BlackjackEd

Thank you so much CPhill!!!!

(that took you like no time at all )

Let \(a\) and \(b\) be the roots of the quadratic \(2x^2 - 8x + 7 = x^2 + 15x + 23.\)  Compute \(a^4 + b^4\).

We can first calculate the roots of the quadratic.

They are: 

\(\frac{23+\sqrt{593}}{2}\) and \(\frac{23-\sqrt{593}}{2}\).

Now we can calculate the \(a^4 + b^4\) part.

\((\frac{23+\sqrt{593}}{2})^4+(\frac{23-\sqrt{593}}{2})^4\)
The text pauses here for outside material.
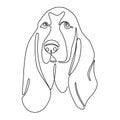 One continuous line drawing Basset Hound vector Image. Single line minimal style dog portrait. Cute beagle puppy black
\(=\frac{314209+12903\sqrt{593}}{2}+\frac{314209-12903\sqrt{593}}{2}\)

\(=\boxed{314209}\)

Our final answer is \(\boxed{314209}.\)

*There is probably a much faster and more efficient way to solve this that someone more educated than I am will be able to teach you clearly 

That was so fast... they're both correct, thanks so much!!!

Now the harder ones 

\(\textbf{Fill in the blank: 3*___ = 81*5}\)

Let us fill in the blank with a variable, namely \(x\).

\(3\times{x}=81\times5\)

Simplify to:

\(3x=405\)

\(\boxed{\textbf{x=135.}}\)

In the high school band, there are 2 percussionists on the sideline for every 13 marching instruments If the high school band has 150 total members how many percussionists are on the sideline?  

The ratio of percussionists to total band members is 2:(2+13), or 2:15.

As ratios are equal to fractions, we can put this in an equation:

\({2\over15}={x\over150}\).

Cross-multiply to solve:

\(300=15x\)

\(20=x\).

\(\boxed{\textbf{There are 20 percussionists on the sideline.}}\)

Hope this helped,

(LaTeX version)

\(\textbf{Compute}\)

\(\binom{5}{3} - \binom{6}{3} + \binom{7}{3} - \dots - \binom{22}{3} + \binom{23}{3} - \binom{24}{3} \)

(LaTeX version)

\(\textbf{Fill in the blanks to make the equation true. (Each blank should contain a 2-digit number.) }\)

\(18\times18 + 19\times18 + 20\times18 + \dots+ 45\times18 =\boxed{\phantom{X}} \times \boxed{\phantom{X}} \)

Does that include the 4-digit integers, 6-digit etc.?

You're both wrong, but thanks for trying! 

The answer was \(9\) .

Excellent job guys...